#### DATA PROVIDED

*** Begin section ***

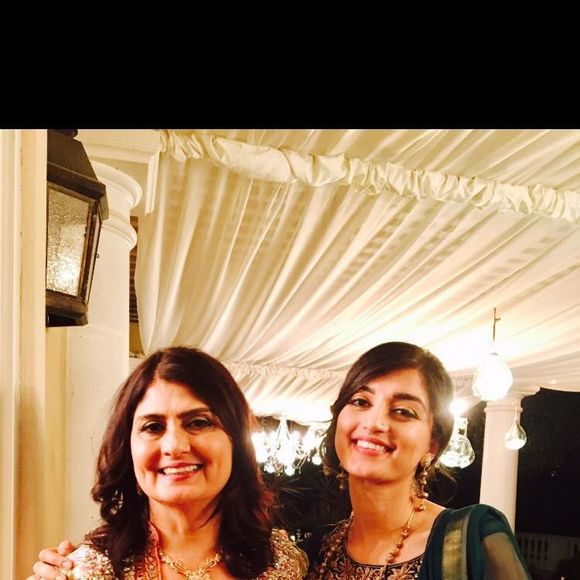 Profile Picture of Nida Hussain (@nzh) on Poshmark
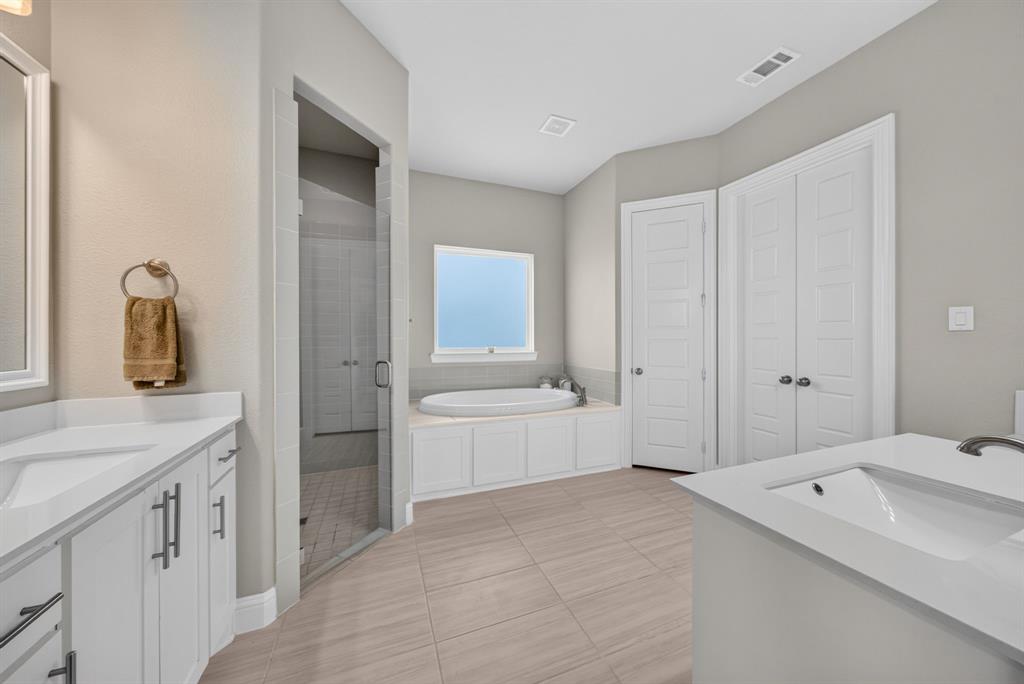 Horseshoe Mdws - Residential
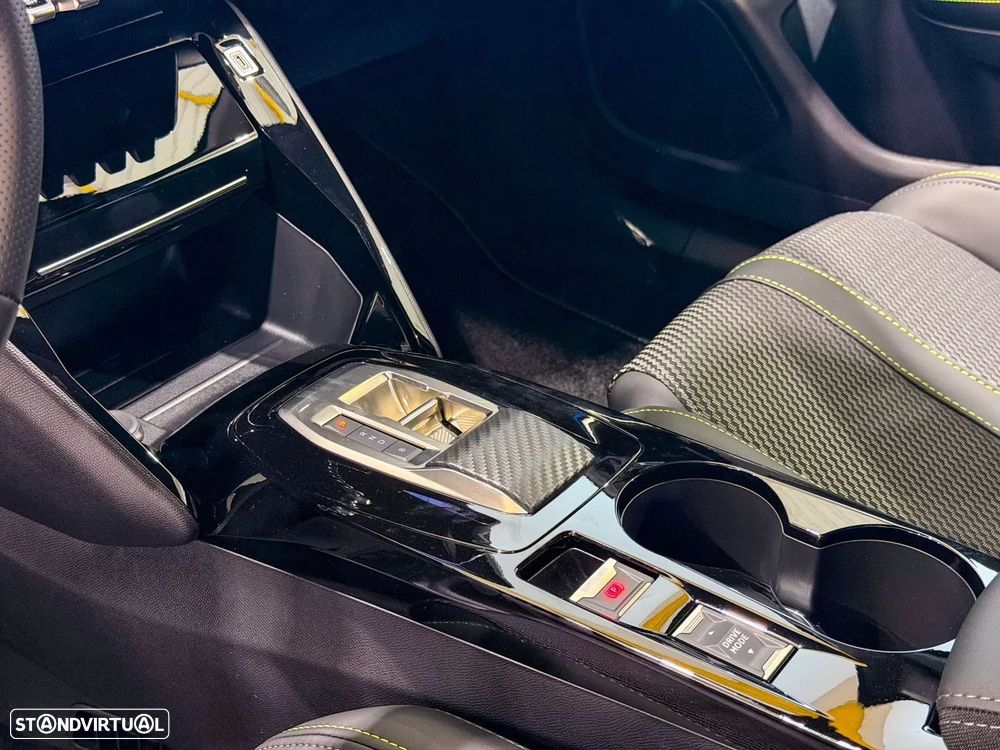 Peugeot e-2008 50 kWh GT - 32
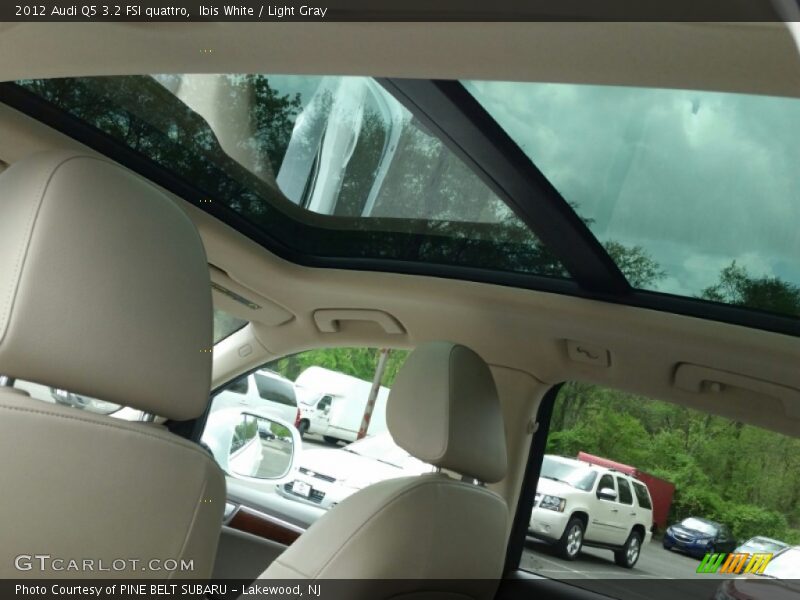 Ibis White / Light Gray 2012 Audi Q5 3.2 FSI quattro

*** End section ***

#### TASK GOAL
Print out all the material word for word but exclude any images.

#### RESPONSE TO THE TASK
 Profile Picture of Nida Hussain (@nzh) on Poshmark
 Horseshoe Mdws - Residential
 Peugeot e-2008 50 kWh GT - 32
 Ibis White / Light Gray 2012 Audi Q5 3.2 FSI quattro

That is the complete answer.